Member Profiles

Pat Harvey



The watercolourist, art tutor in Adult Education and television researcher/television producer Pat Harvey may best be described as an "evangelical Cocteau", after the multi-faceted twentieth-century French painter, poet and film director, Jean Cocteau.

As a watercolourist Pat specialises in urban, French and floral subjects. These watercolours hover at the borders of fantasy and reality.She has exhibited widely, including at Battersea Contemporary Art Fair, Brighton Festival and the Royal Institute of Painters in Watercolour, and her work is in collections in France, Sweden, the US and the Middle East. Like the artists she admires (Mary Fedden, Paul Nash, Winifred Nicholson, Mary Potter and Eric Ravilious) she aims to invest everyday subjects with an air of the extraordinary.

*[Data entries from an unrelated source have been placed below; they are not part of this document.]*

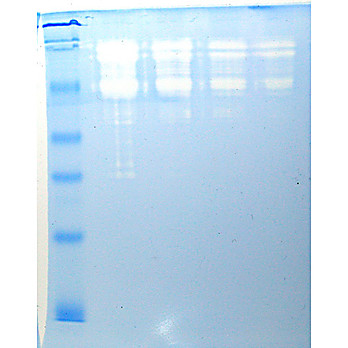 Zymogram: Study of an Active Enzyme with Electrophoresis Kit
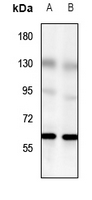 1 - Anti-GPR56 Antibody AP60464
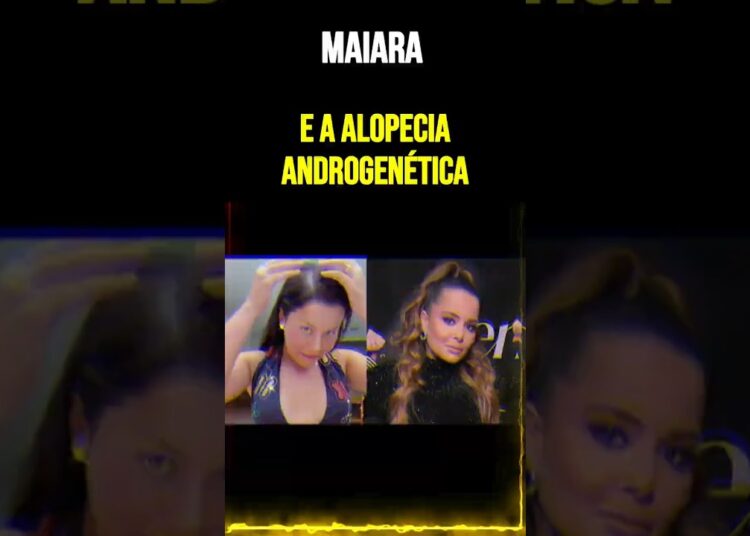Maiara e a alopecia androgenética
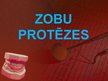 Prezentācija 'Zobu protezēšana', 1.
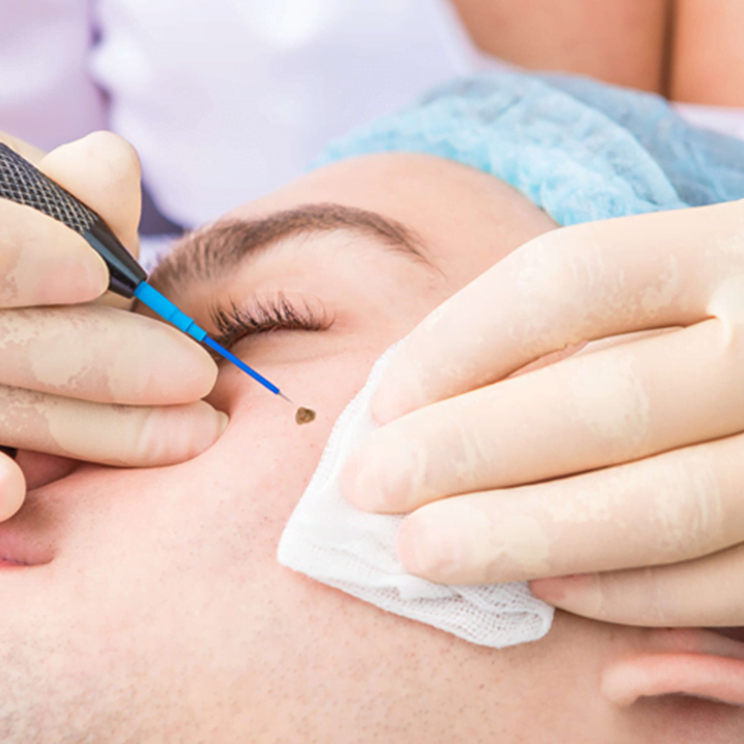 Skin Tag, Wart, Mole Removal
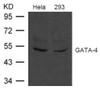Western blot analysis of extract from HeLa and 293 cells using GATA-4 Antibody.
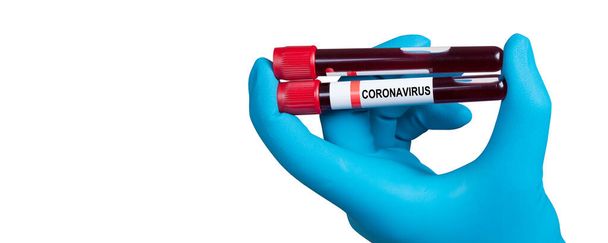 Corona virus outbreaking. Epidemic virus Respiratory Syndrome. - Photo, Image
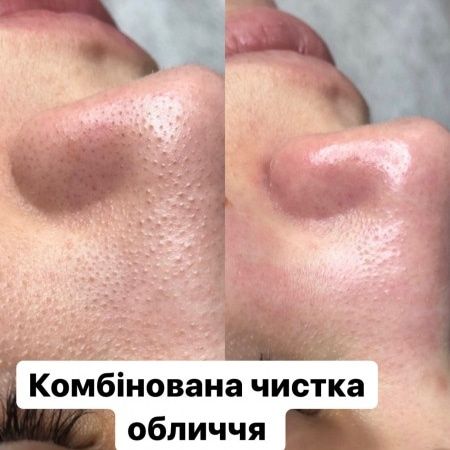 Косметолог Хаджибейський р-н 700грн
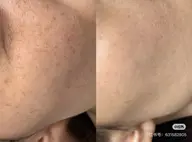 ご新規様限定☘️毛穴洗浄＆DPL光フェシャル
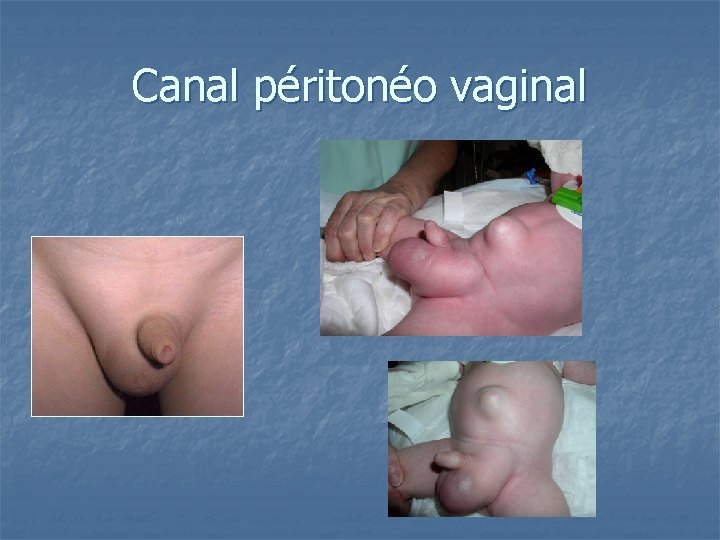 Canal péritonéo vaginal 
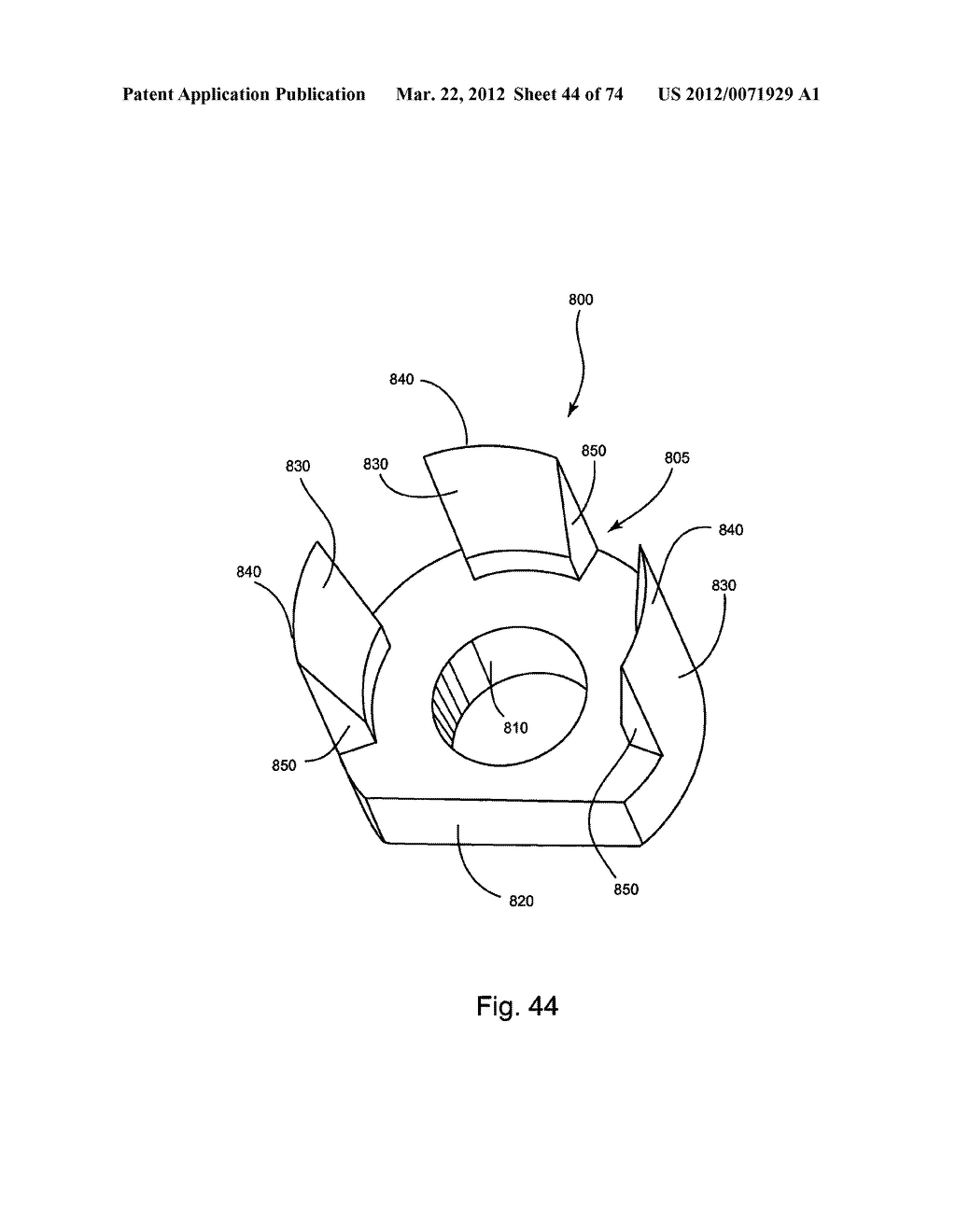 Linked Bilateral Spinal Facet Implants and Methods of Use - diagram, schematic, and image 45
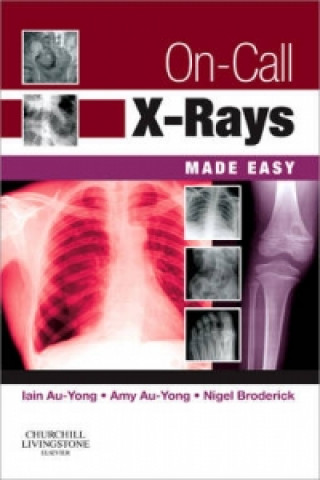 On-Call X-Rays Made Easy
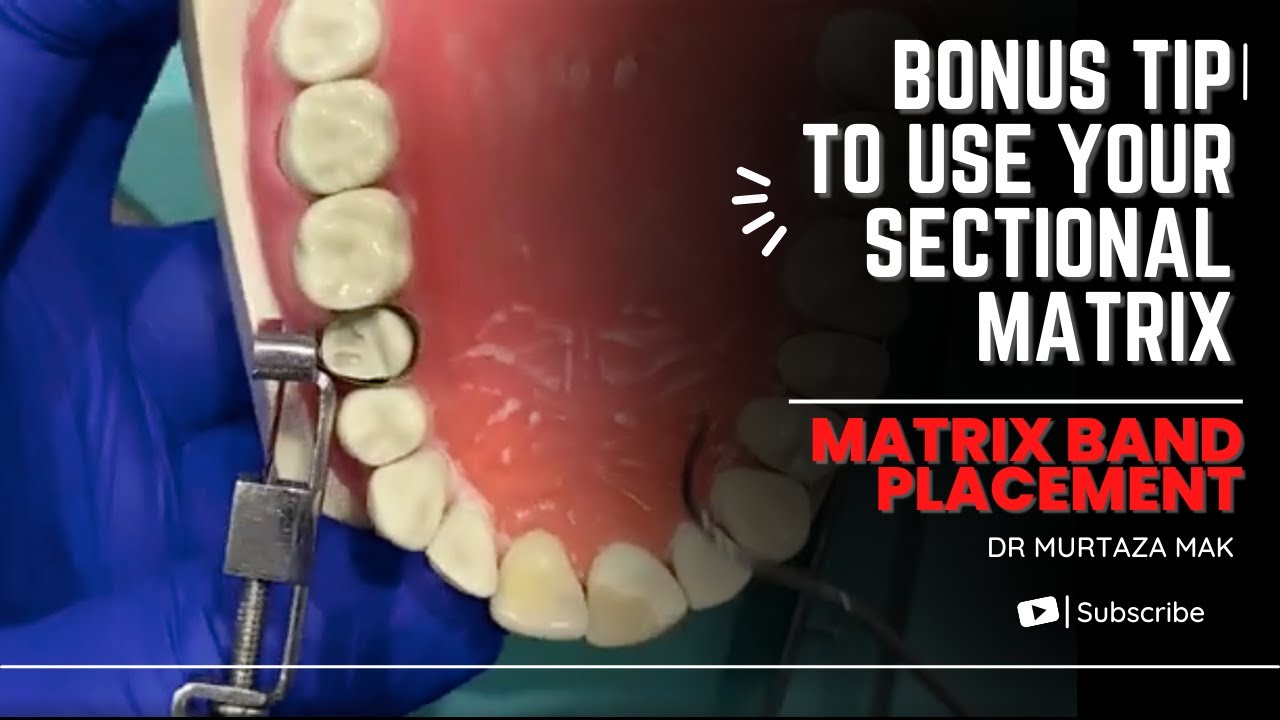Matrix band placement- Bonus tip to use your sectional matrix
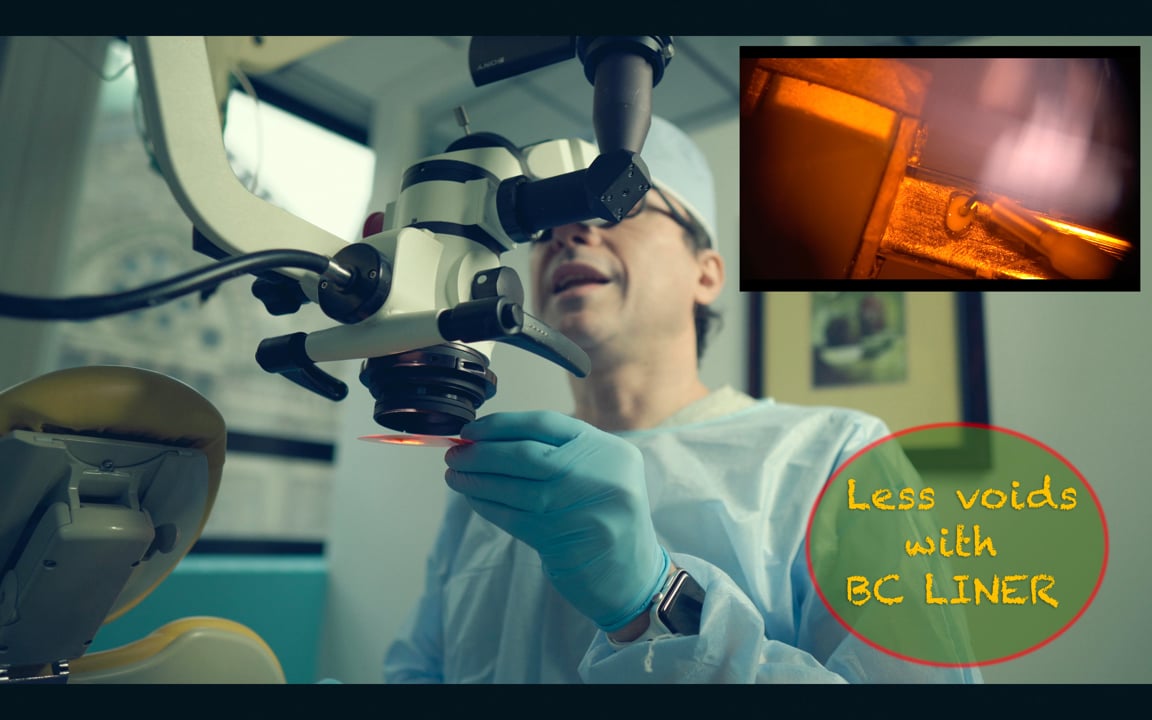 Eliminating Voids in BC Liner BulkFills (Friday Questions) Real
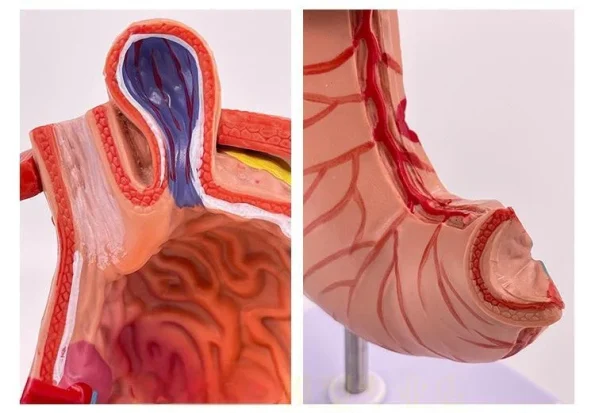 Medical Pathological Stomach Model with Diaphragm | Anatomical Teaching Tool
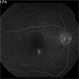 Central Serous Choroidopathy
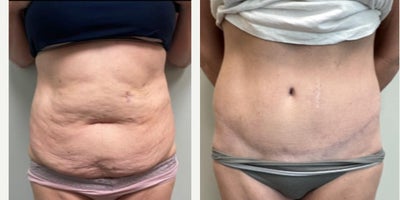 Woman treated with Panniculectomy - Woman treated with Panniculectomy by Dr. Bonett at Naples Plastic Surgery.
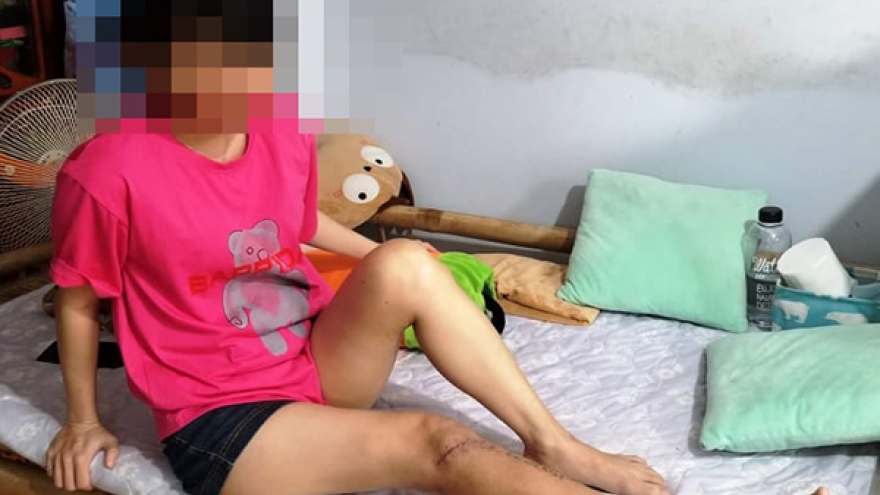 Khởi tố người đánh gãy chân nữ kế toán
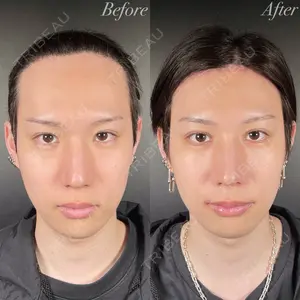 before image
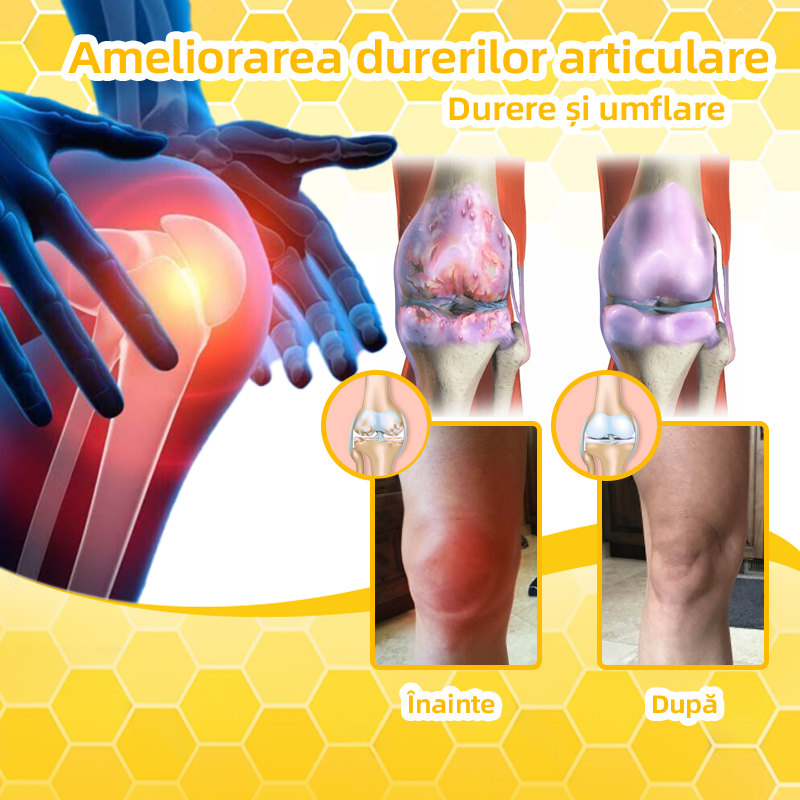 Specializat în afecțiuni ortopedice și dureri articulare 👨⚕️ 𝐹𝐴𝑇𝑂𝑁𝐺™ Cremă pentru artrită cu venin de albine și curcuma🧴🧴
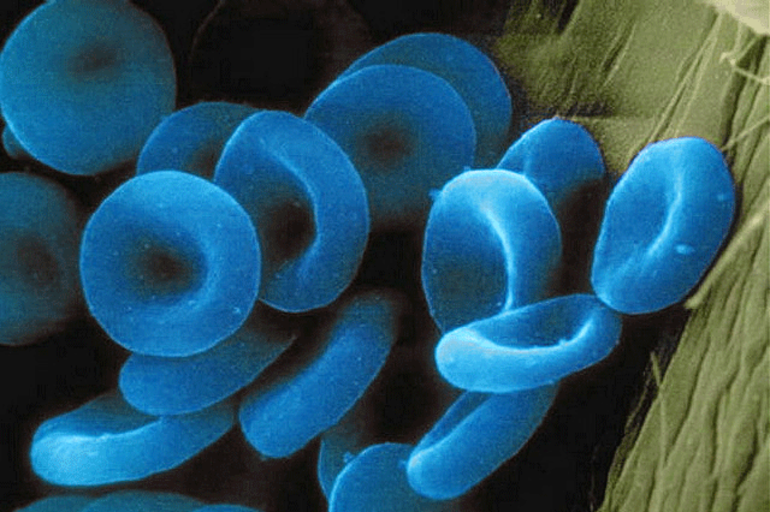 Понятие «голубая кровь»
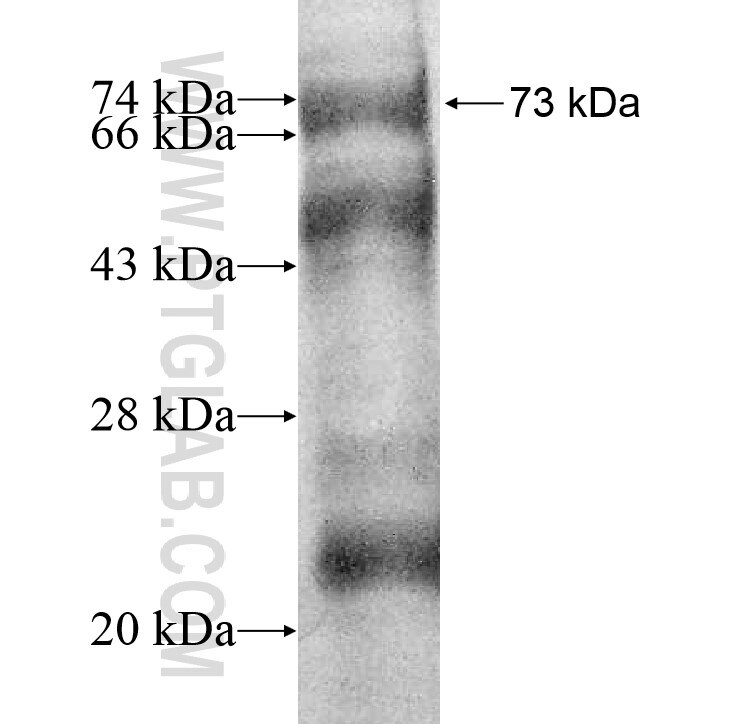 NFIB fusion protein Ag10165 SDS-PAGE
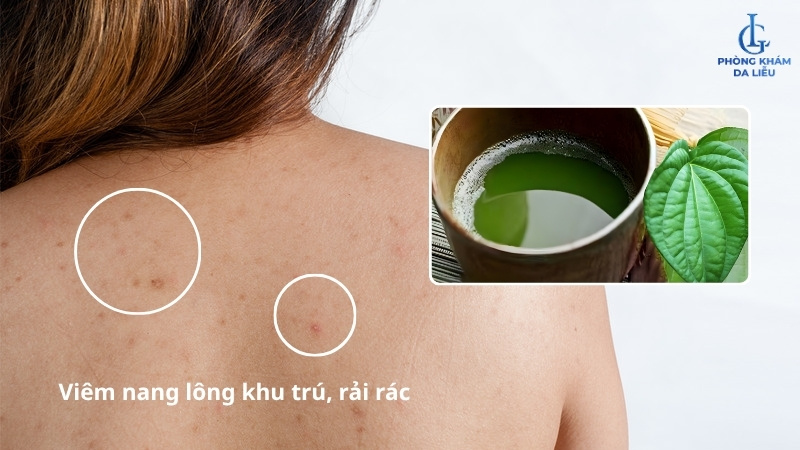 điều trị viêm nang lông bằng lá trầu không tại nhà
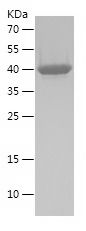    TRIM44 / Recombinant Human TRIM44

Her paintings of carnations in tin cans, butterfly-shaped gates on Camberwell Green, a rock-chick near the solemn statue of William Tyndale in London’s Embankment Gardens, a sinister stilt-man in a Normandy market or lovers in a Parisian park have the understated poetry of French cinema. Representational but with a dash of surrealism, they are miniature explosions of colour and light.

With a natural talent for painting, Pat also looked for means of expressing ideas through film and television, first as a film editor, and later by presenting her own ideas for programmes. Her successes include Arena and the South Bank Show, ranging from the French director, Marcel Carne, to the French Chanson, starring Juliette Greco and Charles Aznavour, and archive research on an Edith Piaf documentary for an independent company working for BBC2 and 4 via BBC Wales. There has also been corporate work on highly technical subjects for The Big Yellow Feet Company (2007).

Artists often find difficulty in organizing and marketing their work. In 2006 Pat was approached by Sussex Business Link, a government-sponsored organisation dedicated to assisting small businesses. A consultant has visited her every twelve months to help her organise her work, build an effective timetable, and give direction to her efforts. Pat cannot speak too highly of this assistance.

She now paints in three categories: ’marketable’ paintings on French themes, often turned into inexpensive prints (eg Quai de Bercy, Moulin Rouge, Café de Flore, Patisserie and 2CV, and the best-selling Bicyclettes de Bastille); illustrations for book-jackets (eg for a WW2 novel to be published Autumn 2008) and CD booklets, and creative paintings irrespective of the market (The Great British Takeaway). She reviews art exhibitions for Third Way (Cezanne, Francis Bacon, The Camden Town Group), and maintains close links with several independent television production companies with whom she is developing her own ’slate’ of proposals: A Power of Good (drama series about the Christian roots of public service); Watercolour - A Very British Art; and a DVD for visitors to lighthouses.

See the following websites for samples of Pat’s work: www.sgfa.org.uk and www.saatchi-gallery.co.uk/yourgallery


When asked about her contact with the ACG, Pat commented: ’Born in 1942 to a literary father and an artistic mother I became an evangelical Christian at the age of seventeen and was shattered by the Philistinism of the churches. A black hole ensued. In God’s providence L’Abri Fellowship introduced me to the teachings of Francis Schaeffer which showed that within the Christian scheme of things there must be a Creation Theology. The logical sequel of this was the Arts Centre Group’. A long-time ACG member, Pat forged friendships which grew naturally out of the unique ACG soil of being ’thoroughly Christian and thoroughly professional’, friendships which she still treasures today. In 1998 Pat Harvey founded a West Sussex branch of ACG with the intriguing name of The Lighthouse Café Club, now celebrating its tenth anniversary.